Poets on Poetry
Updated February 21, 2017 | Factmonster Staff
I, too, dislike it—Marianne Moore
compiled by Borgna Brunner
I don't look on poetry as closed works. I feel they're going on all the time in my head and I occasionally snip off a length.
—John Ashbery, London Times (23 Aug 1984)
I wish our clever young poets would remember my homely definitions of prose and poetry; prose—words in their best order; poetry—the best words in their best order.
—Samuel Taylor Coleridge, Table Talk (July 12, 1827)
Poetry is ordinary language raised to the Nth power. Poetry is boned with ideas, nerved and blooded with emotions, all held together by the delicate, tough skin of words.
—Paul Engle, New York Times ( 17 Feb. 1957)
I have never started a poem whose end I knew. Writing the poem is discovering.
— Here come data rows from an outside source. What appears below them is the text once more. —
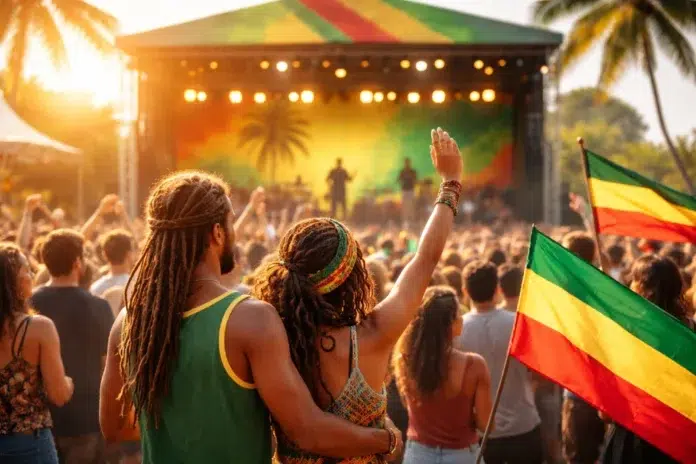 Bereggae festival crowd enjoying reggae music, food, art, and community celebration in Atlanta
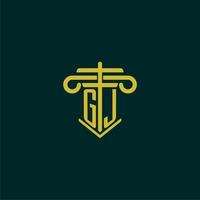 GJ initial monogram logo design for law firm with pillar vector image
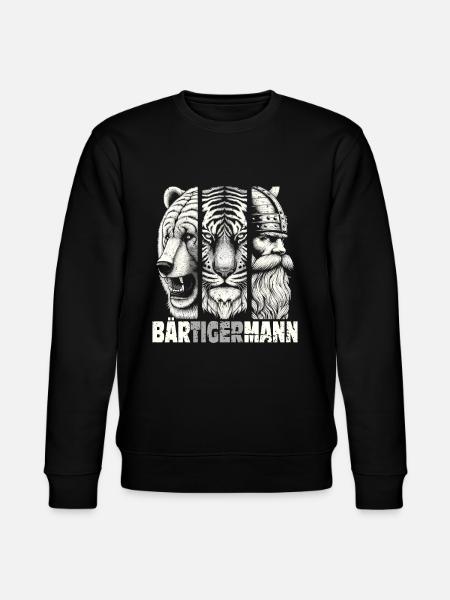 Bärtigermann Bär Tiger Mann Geschenk Bart Sprüche - Stanley/Stella Unisex Bio-Sweatshirt CHANGER - Schwarz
—Robert Frost, New York Times (7 Nov. 1955)
Poetry is not an expression of the party line. It's that time of night, lying in bed, thinking what you really think, making the private world public, that's what the poet does.
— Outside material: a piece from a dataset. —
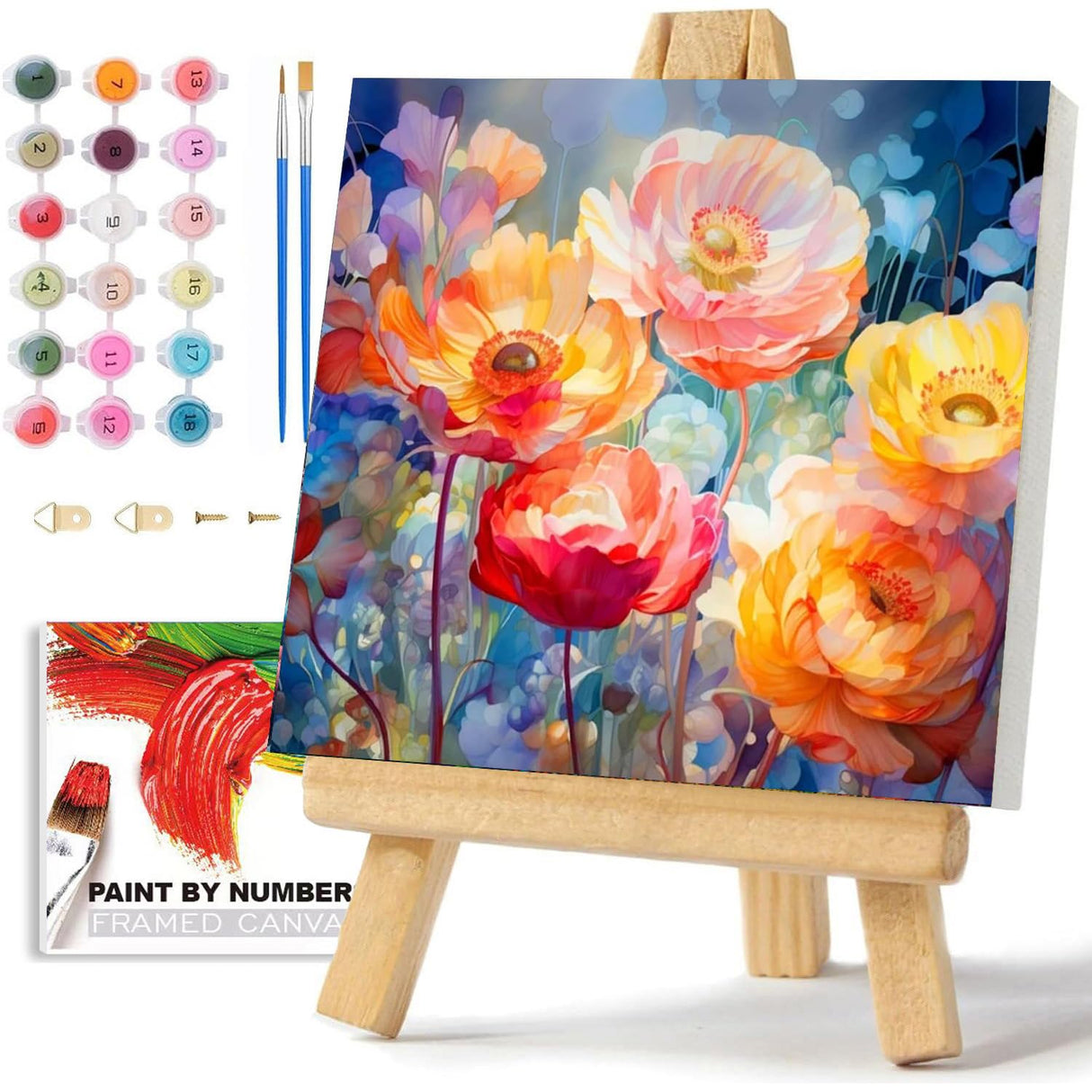 WEMEON Framed Paint by Number Kit for Adults-Easy Paint by Numbers Kit for Adults Beginner, Simple Paint by Numbers Flower for Gift Home Wall Decor (10x10Inch) WEMEON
—Allen Ginsberg, Ginsberg: A Biography, Barry Miles (1989).
Poetry is emotion put into measure. The emotion must come by nature, but the measure can be acquired by art.
—Thomas Hardy The Later Years of Thomas Hardy, Florence Emily Hardy (1930).
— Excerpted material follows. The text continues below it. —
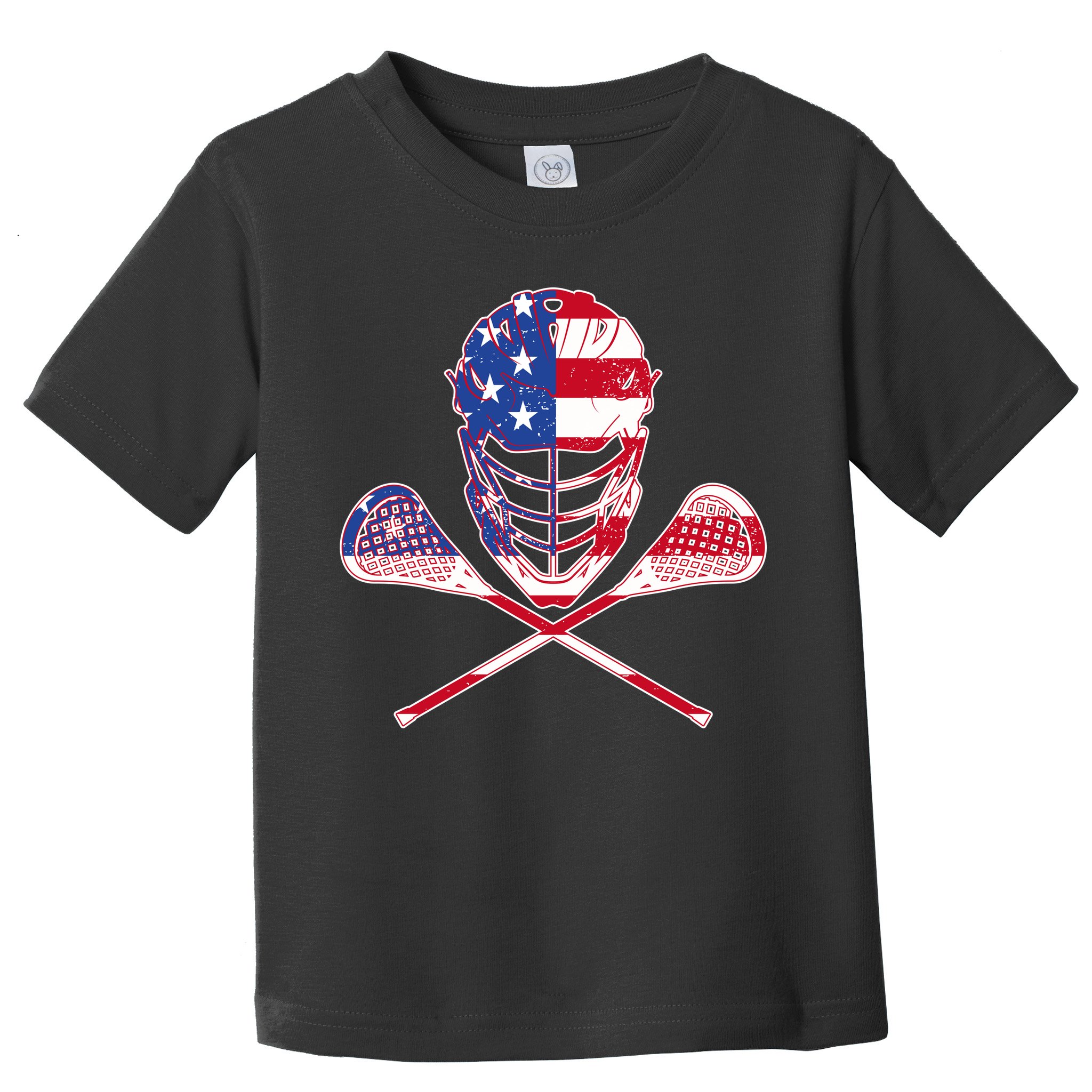 Lacrosse Sport Fan USA American Flag Toddler T-Shirt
Poetry should surprise by a fine excess and not by singularity—it should strike the reader as a wording of his own highest thoughts, and appear almost a remembrance.
—John Keats, Letters of John Keats, ed. Frederick Page (1954).
A poem should not mean.
—Archibald MacLeish, "Ars Poetica"
Poetry is the revelation of a feeling that the poet believes to be interior and personal [but] which the reader recognizes as his own.
—Salvatore Quasimodo, New York Times (14 May 1960)
If there's no money in poetry, neither is there poetry in money.
—Robert Graves, "Mammon," Mammon and the Black Goddess (1965).
Poetry is the journal of a sea animal living on land, wanting to fly in the air.
—Carl Sandburg, Atlantic Monthly (March 1923)
Poetry lifts the veil from the hidden beauty of the world, and makes familiar objects be as if they were not familiar.
—Percy Bysshe Shelley, A Defence of Poetry (1840)
The forms of things unknown, the poet's pen
Turns them to shapes, and gives to airy nothing
A local habitation and a name.
—William Shakespeare, A Midsummer Night's Dream
The poet is the priest of the invisible.
—Wallace Stevens, "Adagia" (1957)
All good poetry is the spontaneous overflow of powerful feelings: it takes its origin from emotion recollected in tranquillity.
—William Wordsworth, Lyrical Ballads, preface (1801).
We make out of the quarrel with others, rhetoric, but of the quarrel with ourselves, poetry.